Prompt: Pictures are to be skipped. Retype exactly the lines from the top of the material through the one with "Thùng Rác Gắn Cánh GR-V1 - GROB", and only those.

Working data:
- - - - -

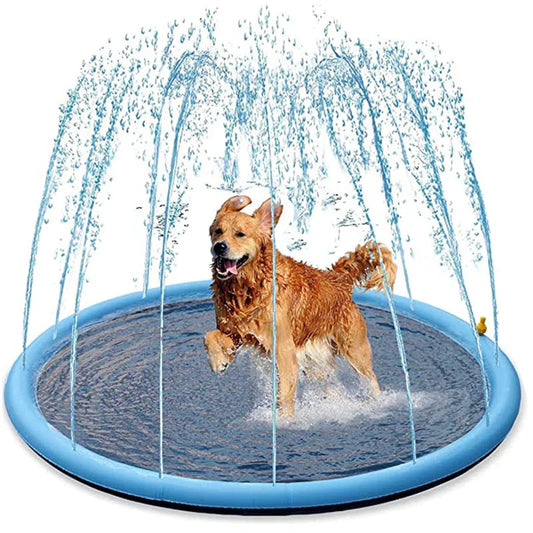 DogSplash™ - Jeu aquatique pour chien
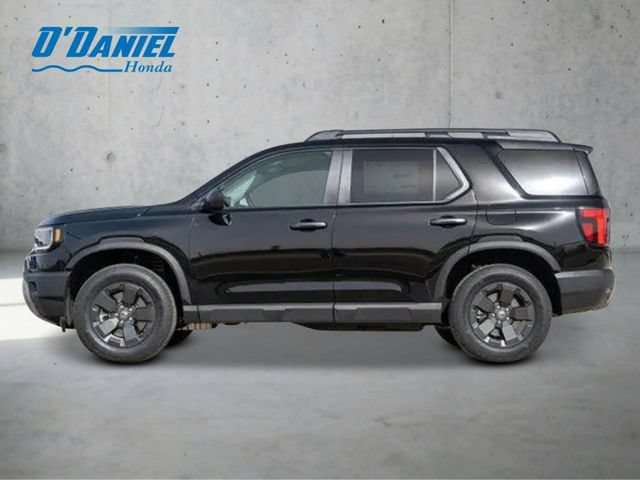 New 2026 Honda Passport RTL image 2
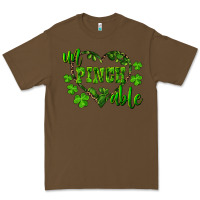 Cacao Unpinchable Premium Tee - RanaPortraitStore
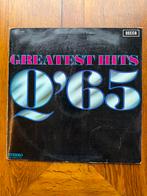 Q'65* ‎- Greatest Hits (LP, Album), Ophalen of Verzenden, Gebruikt, 12 inch, Alternative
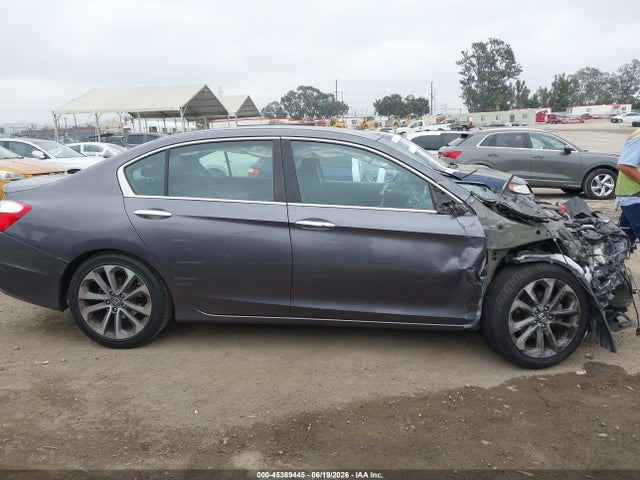 1HGCR2F51EA276594 Honda Accord Sport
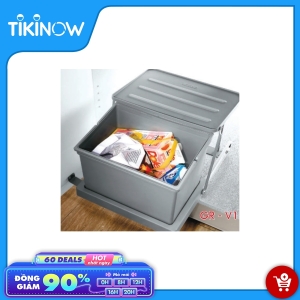 Thùng Rác Gắn Cánh GR-V1 - GROB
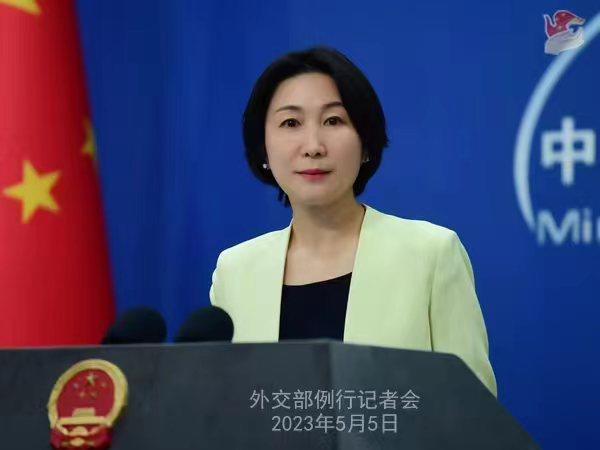中国外交部：正同中亚五国保持密切沟通，做好中国—中亚峰会筹备工作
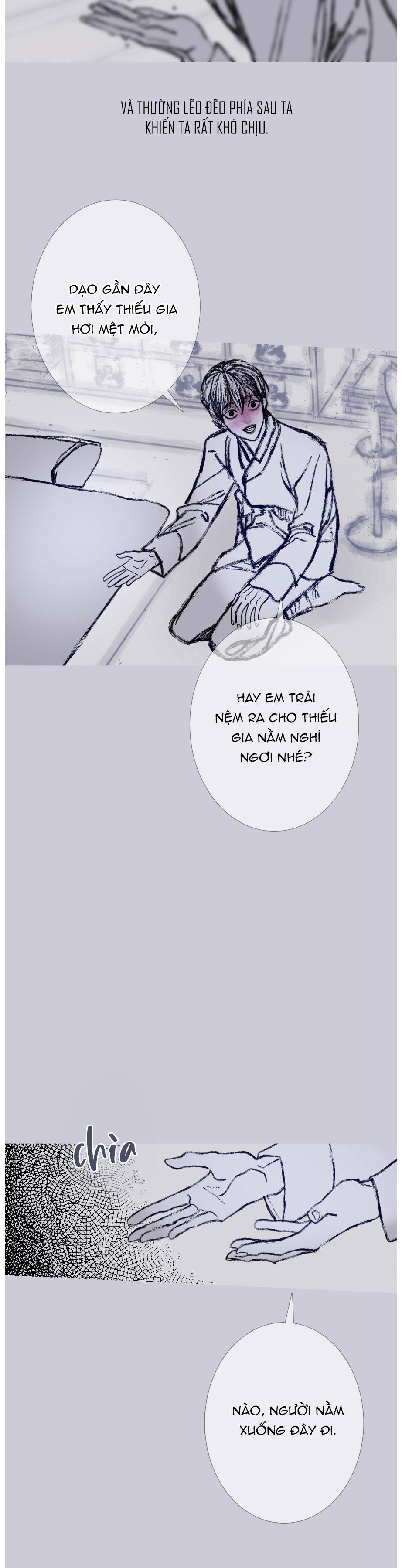 Đọc truyện CHUYỆN QUỶ MÔN QUAN - Chapter 80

- - - - -

Reply to the task:
 DogSplash™ - Jeu aquatique pour chien
 New 2026 Honda Passport RTL image 2
 Cacao Unpinchable Premium Tee - RanaPortraitStore
 Q'65* ‎- Greatest Hits (LP, Album), Ophalen of Verzenden, Gebruikt, 12 inch, Alternative
 1HGCR2F51EA276594 Honda Accord Sport
 Thùng Rác Gắn Cánh GR-V1 - GROB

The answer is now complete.